Удивлению жриц не было предела, когда они увидели Дану. Насквозь мокрая одежда со следами грязи, исцарапанные руки и лицо, губы посинели от холода, но глаза горят шалым блеском. Не дай знак богиня – не пустили бы на порог, сочтя нелюдью. Девушку тут же повели в жарко истопленную баню. Вымывшись и согревшись, Дана в длинной рубахе сидела возле очага, держа в руках мису с горячей похлебкой. Одежду ее отобрали жрицы, дабы утром девушка одела вещи чистые и высушенные.
В женской одежде было непривычно. Без пояса с кинжалом она казалось себе раздетой. И пусть привычное оружие лежало рядом на лавке, ощущение беззащитности не покидало Дану. Девушка забилась в самый уголок, и все равно жрицы периодически оглядывали ее, довольно кивая.
– Сегодня ты останешься у нас, – присела рядом с ней на лавку верховная жрица. – А завтра я лично с княгиней поговорю. Хоть и благое дело у нее на уме, да токмо не гоже против воли его вершить.

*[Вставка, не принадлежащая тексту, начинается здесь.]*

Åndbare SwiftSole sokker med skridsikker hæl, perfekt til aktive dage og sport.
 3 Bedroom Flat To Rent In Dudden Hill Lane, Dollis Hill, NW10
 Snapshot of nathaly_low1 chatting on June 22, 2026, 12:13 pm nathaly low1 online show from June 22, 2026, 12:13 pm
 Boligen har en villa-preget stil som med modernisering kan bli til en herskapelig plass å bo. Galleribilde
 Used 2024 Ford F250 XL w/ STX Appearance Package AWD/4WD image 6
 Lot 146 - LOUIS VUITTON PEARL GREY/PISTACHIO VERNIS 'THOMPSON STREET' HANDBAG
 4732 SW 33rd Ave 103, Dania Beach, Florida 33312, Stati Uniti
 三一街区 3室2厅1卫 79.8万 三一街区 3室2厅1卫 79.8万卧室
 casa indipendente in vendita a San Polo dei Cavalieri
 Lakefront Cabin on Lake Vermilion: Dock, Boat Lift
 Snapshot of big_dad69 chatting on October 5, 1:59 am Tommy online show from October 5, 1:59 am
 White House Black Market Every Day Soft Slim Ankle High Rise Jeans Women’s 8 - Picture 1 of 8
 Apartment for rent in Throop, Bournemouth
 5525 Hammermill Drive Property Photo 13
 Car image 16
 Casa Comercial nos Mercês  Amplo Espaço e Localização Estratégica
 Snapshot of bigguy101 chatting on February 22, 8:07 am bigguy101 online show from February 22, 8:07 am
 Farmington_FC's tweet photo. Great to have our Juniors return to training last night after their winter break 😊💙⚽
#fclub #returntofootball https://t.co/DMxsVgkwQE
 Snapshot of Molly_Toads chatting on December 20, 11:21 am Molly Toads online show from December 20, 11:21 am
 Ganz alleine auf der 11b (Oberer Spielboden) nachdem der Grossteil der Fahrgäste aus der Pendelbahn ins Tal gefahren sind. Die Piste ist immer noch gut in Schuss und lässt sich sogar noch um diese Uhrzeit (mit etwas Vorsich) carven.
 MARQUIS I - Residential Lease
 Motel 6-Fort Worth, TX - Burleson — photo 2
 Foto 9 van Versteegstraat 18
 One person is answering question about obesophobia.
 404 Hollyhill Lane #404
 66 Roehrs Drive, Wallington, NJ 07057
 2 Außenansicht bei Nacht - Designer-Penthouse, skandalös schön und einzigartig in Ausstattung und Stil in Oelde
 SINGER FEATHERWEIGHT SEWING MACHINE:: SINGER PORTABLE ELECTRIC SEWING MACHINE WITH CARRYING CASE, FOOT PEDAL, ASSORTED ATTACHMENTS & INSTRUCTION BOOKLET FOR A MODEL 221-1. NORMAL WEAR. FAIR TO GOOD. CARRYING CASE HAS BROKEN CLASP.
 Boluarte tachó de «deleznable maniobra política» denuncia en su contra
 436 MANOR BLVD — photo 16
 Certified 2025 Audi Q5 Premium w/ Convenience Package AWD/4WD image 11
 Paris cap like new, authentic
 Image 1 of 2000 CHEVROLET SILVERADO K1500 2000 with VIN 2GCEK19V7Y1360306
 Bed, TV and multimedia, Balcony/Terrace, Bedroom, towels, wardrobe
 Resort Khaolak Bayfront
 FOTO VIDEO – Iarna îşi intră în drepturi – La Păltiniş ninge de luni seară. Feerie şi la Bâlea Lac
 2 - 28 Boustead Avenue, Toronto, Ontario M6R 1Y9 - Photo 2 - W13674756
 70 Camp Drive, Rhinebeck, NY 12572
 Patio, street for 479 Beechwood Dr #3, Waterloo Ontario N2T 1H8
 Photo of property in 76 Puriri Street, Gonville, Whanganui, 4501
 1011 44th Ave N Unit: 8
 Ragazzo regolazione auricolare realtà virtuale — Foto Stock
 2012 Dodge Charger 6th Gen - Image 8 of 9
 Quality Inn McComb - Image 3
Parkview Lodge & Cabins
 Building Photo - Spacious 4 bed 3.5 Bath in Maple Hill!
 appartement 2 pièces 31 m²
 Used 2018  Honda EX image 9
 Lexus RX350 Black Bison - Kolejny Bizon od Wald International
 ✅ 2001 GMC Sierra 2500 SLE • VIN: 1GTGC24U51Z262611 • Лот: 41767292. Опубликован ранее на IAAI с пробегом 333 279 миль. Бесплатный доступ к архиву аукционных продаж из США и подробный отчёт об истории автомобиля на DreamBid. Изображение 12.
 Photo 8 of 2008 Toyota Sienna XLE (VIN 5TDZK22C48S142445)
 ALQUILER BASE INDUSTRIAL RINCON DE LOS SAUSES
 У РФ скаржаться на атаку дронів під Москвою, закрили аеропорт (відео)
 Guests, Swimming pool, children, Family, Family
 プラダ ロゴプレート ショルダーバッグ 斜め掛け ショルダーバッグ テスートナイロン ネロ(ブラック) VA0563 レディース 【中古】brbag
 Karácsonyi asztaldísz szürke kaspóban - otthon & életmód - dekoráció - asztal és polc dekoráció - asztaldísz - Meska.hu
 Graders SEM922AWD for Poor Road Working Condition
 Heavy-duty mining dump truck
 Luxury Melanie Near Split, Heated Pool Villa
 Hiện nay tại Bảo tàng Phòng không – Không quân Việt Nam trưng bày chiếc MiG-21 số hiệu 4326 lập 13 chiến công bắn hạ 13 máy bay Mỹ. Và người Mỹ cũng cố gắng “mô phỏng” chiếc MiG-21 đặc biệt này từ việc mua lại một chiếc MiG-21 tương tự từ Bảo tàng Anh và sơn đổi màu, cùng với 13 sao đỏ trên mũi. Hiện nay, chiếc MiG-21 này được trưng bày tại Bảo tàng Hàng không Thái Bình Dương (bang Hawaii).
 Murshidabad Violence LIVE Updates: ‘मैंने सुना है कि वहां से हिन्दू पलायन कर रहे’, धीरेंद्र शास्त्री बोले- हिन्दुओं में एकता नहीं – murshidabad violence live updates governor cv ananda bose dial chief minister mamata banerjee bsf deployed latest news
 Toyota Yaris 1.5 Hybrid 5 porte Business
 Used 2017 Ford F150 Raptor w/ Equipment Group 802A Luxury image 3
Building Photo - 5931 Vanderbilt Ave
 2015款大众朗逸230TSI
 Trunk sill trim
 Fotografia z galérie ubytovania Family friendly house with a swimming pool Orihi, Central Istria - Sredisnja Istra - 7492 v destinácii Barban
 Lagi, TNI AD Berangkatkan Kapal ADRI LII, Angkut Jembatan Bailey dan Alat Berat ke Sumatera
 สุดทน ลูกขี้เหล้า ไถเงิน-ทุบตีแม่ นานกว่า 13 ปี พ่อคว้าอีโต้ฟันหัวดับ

Дана не знала, что ответить. С одной стороны, ее радовало, что служители богов выступают на ее стороне. С другой – не хотелось наживать врагов в лице князя и княгини полотеских. Легко впасть в немилость, труднее вновь в доверие войти. Тут и заступа божия не поможет. Хотя, многие ли могут похвалиться, что столь сильных защитников имеют. Может и не бежать от воли княгининой – боги сами союзу благословения не пошлют. А без него и не союз то. Знать бы, почто именно ей участь такая выпала. Жила бы себе ныне в выселке, мужа ждала, детей растила. А урманин? Знает ли он об участи, им предначертаной? Что не быть им одному без другого, а если и быть, то счастья не знать. Девушка вздохнула.
– Все наладится, касатка, – провела рукой по ее волосам женщина, – не может быть такого, чтобы все боги на одного управы не нашли. Кто судьбы ваши исковеркал – опасную игру затеял.
– Как же быть теперь, матушка, – тихо вздохнула Дана. – Мне теперь как быть?
– Сердце свое слушай, ласточка, оно не обманет. И не бойся ничего, боги не оставят тебя.
– А коли сердце само не знает?
– Эээ, милая, – улыбнулась жрица, – молодая ты еще да глупая. Советы слышишь, да не слушаешь. Сердце твое давно уже все решило, только ты разумом его заглушаешь. По уму жить привыкла. Как движения для боя рассчитываешь, так и жизнь рассчитать стремишься. А не получится, голубка. Иной раз наперекор разуму пойти надо. Да что там разуму, людям наперекор, богам.